There were a number of commissions, and I won't go through the details here: in 2006, Justice O'Connor; in 2010, the commission of inquiry for the bombing of Air India; and finally, in 2011, the government of the day committed to an action on the issue of information sharing in its action plan on Air India flight 182. In 2015 that commitment was fulfilled with the introduction of SCISA.
SCISA permits disclosure of information related to an activity that undermines the security of Canada when the information is relevant to the jurisdiction or responsibility of an institution listed as a potential recipient. Institutions are listed as recipients because of their national security responsibilities, meaning that they could, in accordance with the law, already collect this type of information. The important point to underline here is that SCISA does not change their collection authorities.
As noted, disclosure hinges on whether information relates to an “activity that undermines the security of Canada”. This is defined in section 2 of SCISA to include any activity that undermines Canada's sovereignty, security, or territorial integrity, or the lives or the security of the people of Canada. Some activities that could fall within the scope of this definition are also listed in SCISA as examples.
The definition of “activity that undermines the security of Canada” is broader than the definition of “threats to the security of Canada” used in the CSIS Act. SCISA's definition is broader to capture the role not only of CSIS but also of all departments and agencies with a national security jurisdiction or responsibility.
It's important to remember that information can only be shared if it is relevant to the specific jurisdiction or responsibility of the recipient institution within their respective authorities.

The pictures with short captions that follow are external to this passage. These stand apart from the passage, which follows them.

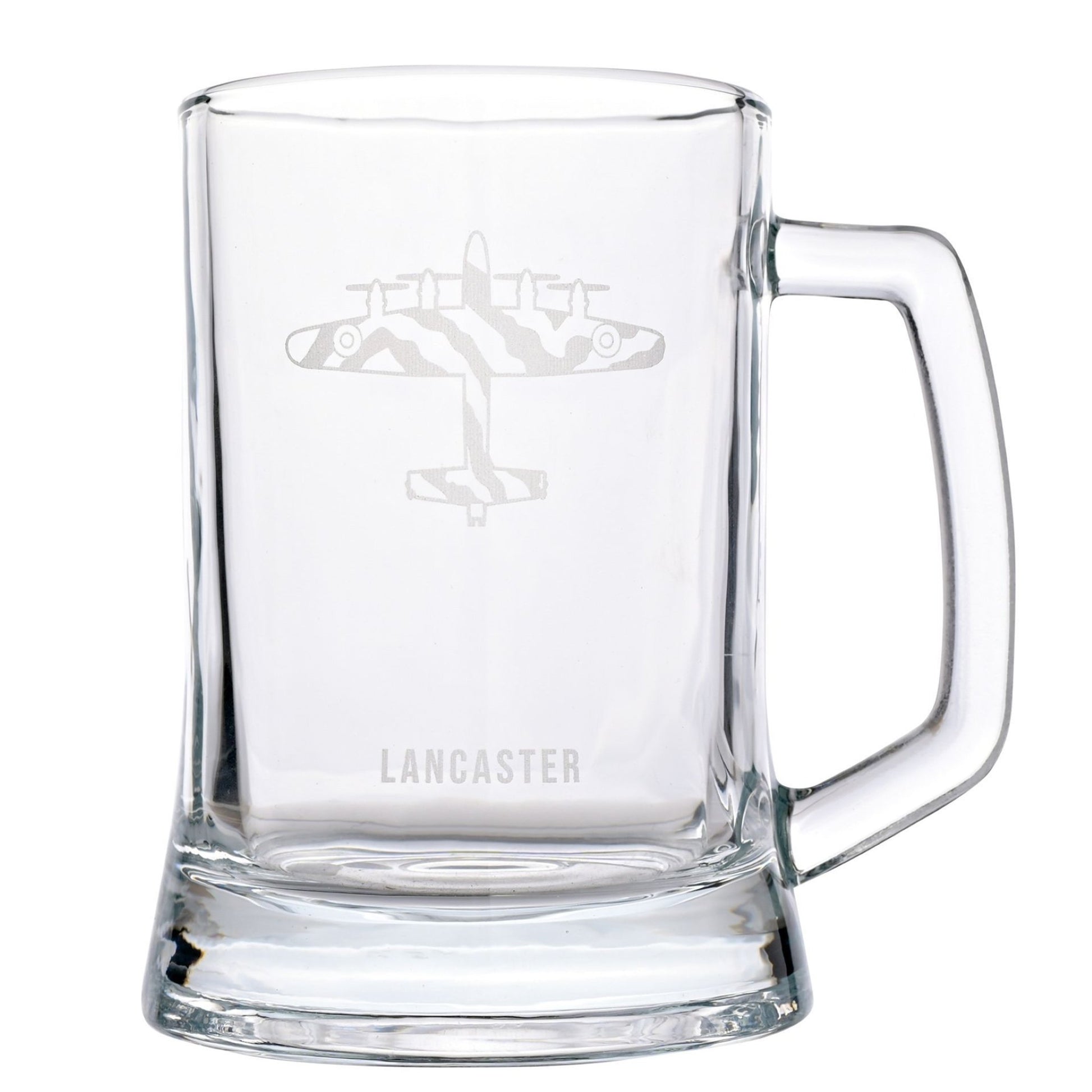 A clear glass beer mug with a handle, featuring an etched camouflaged bomber airplane design and the word 'LANCASTER' near the bottom, shown on a white background.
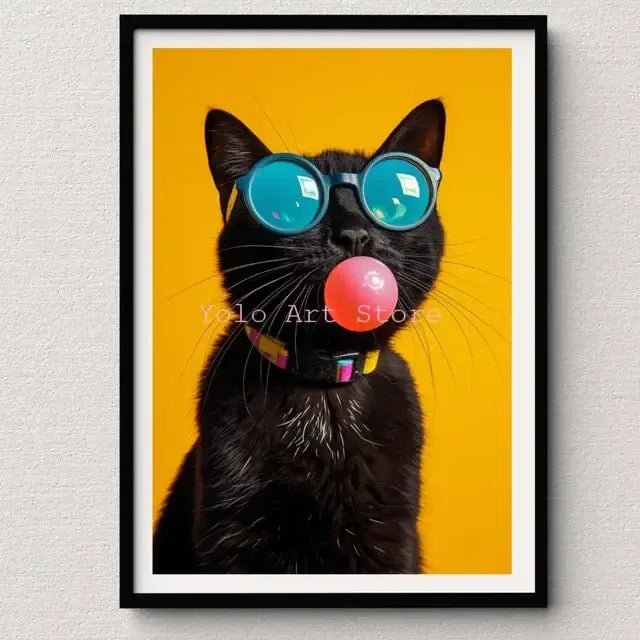 DecorBites™ tiger canvas wall art print featuring a black cat with blue sunglasses blowing pink bubblegum bubble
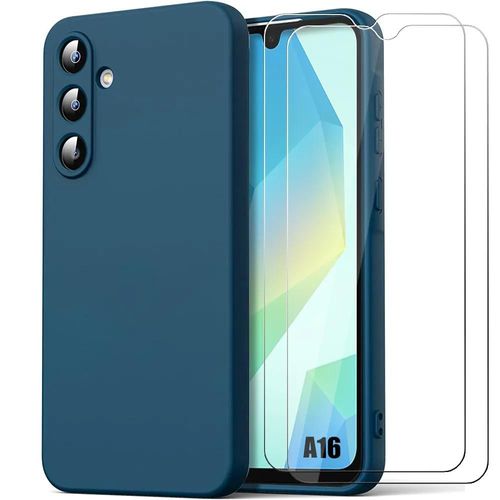 Coque + 2 Verres Trempés Pour Samsung Galaxy A16 4g/5g - Silicone Liquide Protection Anti-Rayures Bleu Marine - E.F.Connection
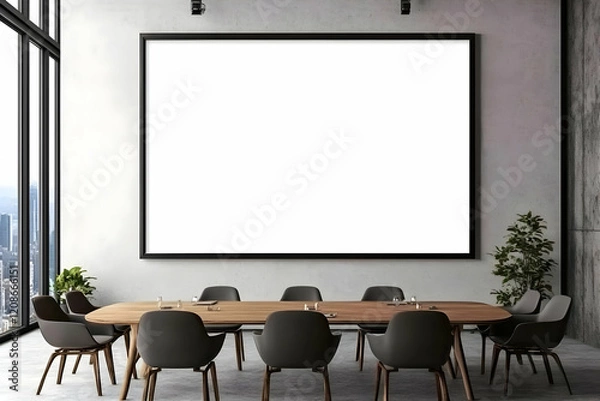 Fototapeta Modern Conference Room with Blank Canvas and City View Shows Potential for Collaboration Nicely.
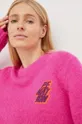 różowy P.E Nation sweter z domieszką wełny Dondi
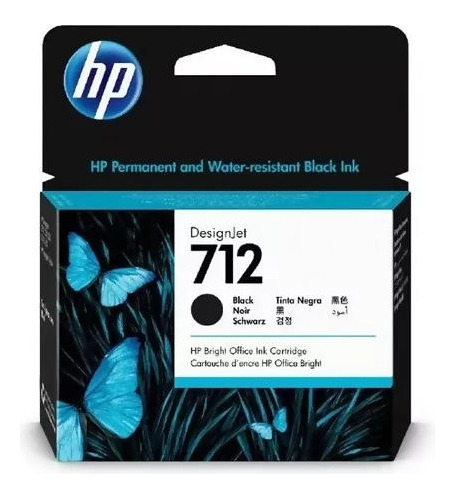 Cartucho De Tinta Hp Designjet 712 De 80 Ml Negro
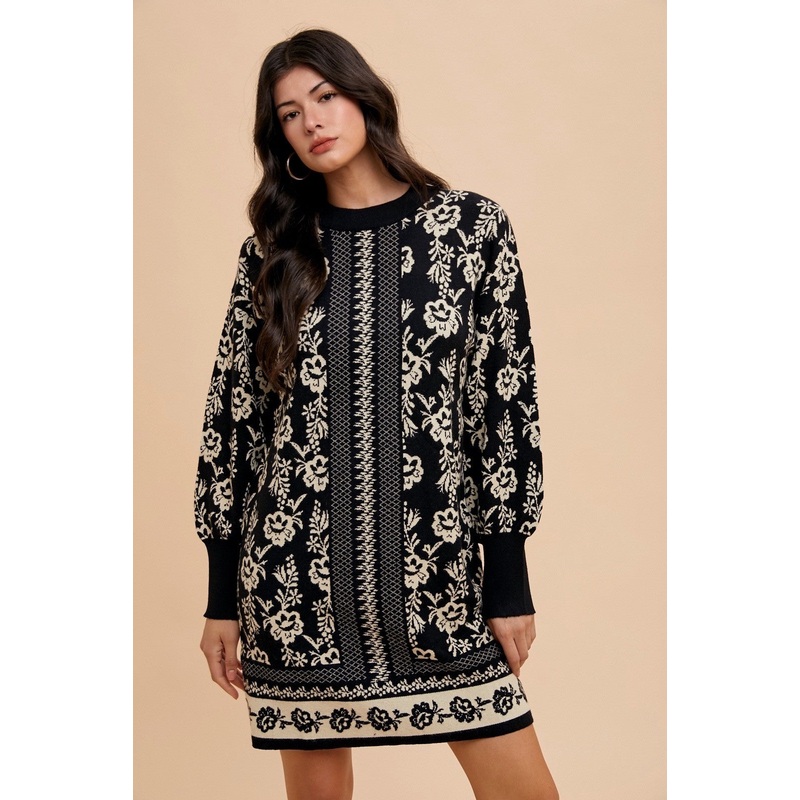Floral Jacquard Round Neck Sweater Dress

As a threshold, “relevant” allows institutions to disclose information when it is linked to the mandate of the recipient institution. “Relevant” also integrates important aspects of responsible information sharing. In particular, to reasonably determine whether information is relevant, the institution must assess whether the information is accurate and reliable.
Finally, “relevant” requires that the connection be real and present at the time of disclosure. Information cannot be disclosed on the basis that it is potentially relevant or will likely be relevant at some time in the future.
Lastly, if there is a legal restriction or prohibition on disclosing information, SCISA does not apply.
The Privacy Act includes a general restriction on disclosing personal information without the consent of the related individual. However, as noted in section 8 of the Privacy Act, it also includes a list of situations in which personal information can be disclosed despite this general restriction. For example, personal information may be disclosed for the purpose for which the information was collected. In addition, personal information may be disclosed in accordance with disclosure authorities in other acts of Parliament, such as SCISA.
When they receive information disclosed under SCISA's authorities, as noted in section 4 of the Privacy Act, departments and agencies must still ensure that personal information “relates directly” to an operating program or activity before they collect it.
In addition to these requirements, departments and agencies must also continue to abide by government requirements. These include the Treasury Board Directive on Privacy Impact Assessment.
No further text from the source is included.